An even more dramatic scene has formed on the Russian side of the border, with the authorities there refusing to let through a huge column of lorries and cars and thousands of passengers. About twenty hauling trucks loaded with sugar and meat are standing in the neutral zone. Georgian border guards say about 300 vehicles of various kinds, mostly transit, are waiting on the other side of the frontier.


Although this is the Georgian-Russian border, check point officials believe that Armenia is suffering the most.


“For them, Daryal is effectively the only road that links them with Russia – practically, the ‘road of life’ because many Armenian citizens work in Russia as seasonal labourers and travel by this road year in year out,” said Kulumbegov.


And one other thing is now on everyone’s minds: the approach of winter.

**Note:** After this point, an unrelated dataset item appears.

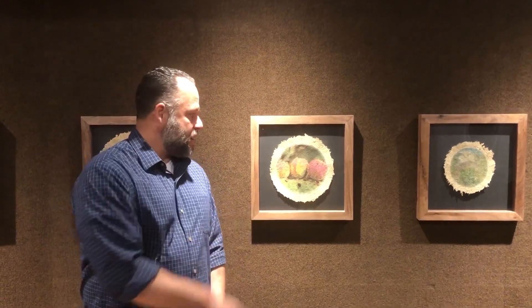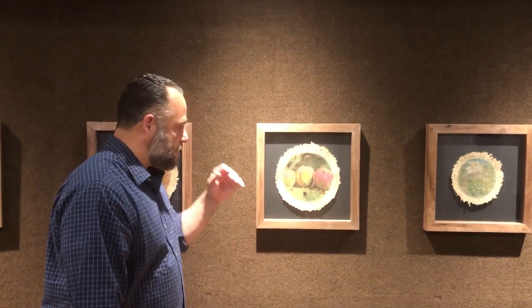Hi, I'm Fred Brashear here at San Diego County Museum, and we're here in my exhibit for 'Handle with Care' for the Mexicali Biennial. I'd like to talk to you about one of my pieces here.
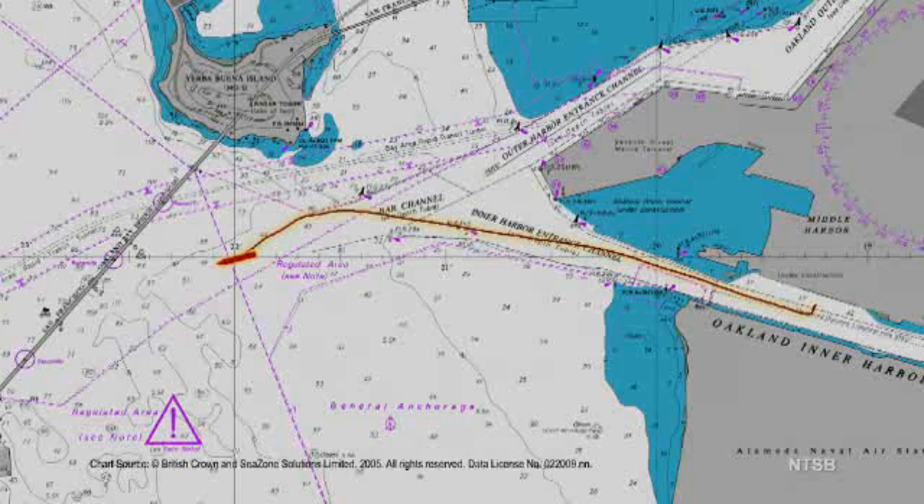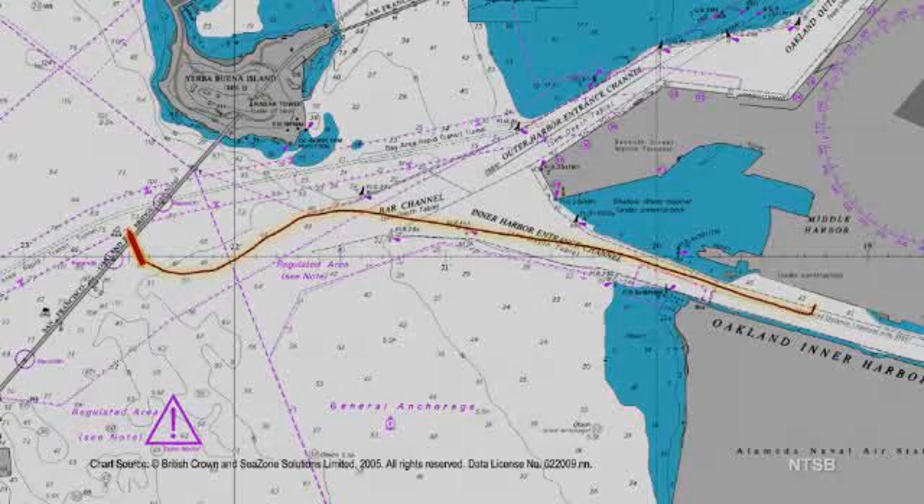As the ship approached the Delta Tower, within the last two and a half minutes before the collision, the pilot ordered a series of six rudder commands. The collision occurred at about 0830.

The first snow fell in the gorge this year on September 12 and the longer the standoff continues, the greater the risk that the weather will shut down the crossing point altogether.


“Now is not the time to ask who is right, who is to blame,” said Kulumbegov. “Our main job is to help these people to get out of here as soon as possible.”


Eteri Mamulashvili is a correspondent with the Georgian newspaper 24 Hours.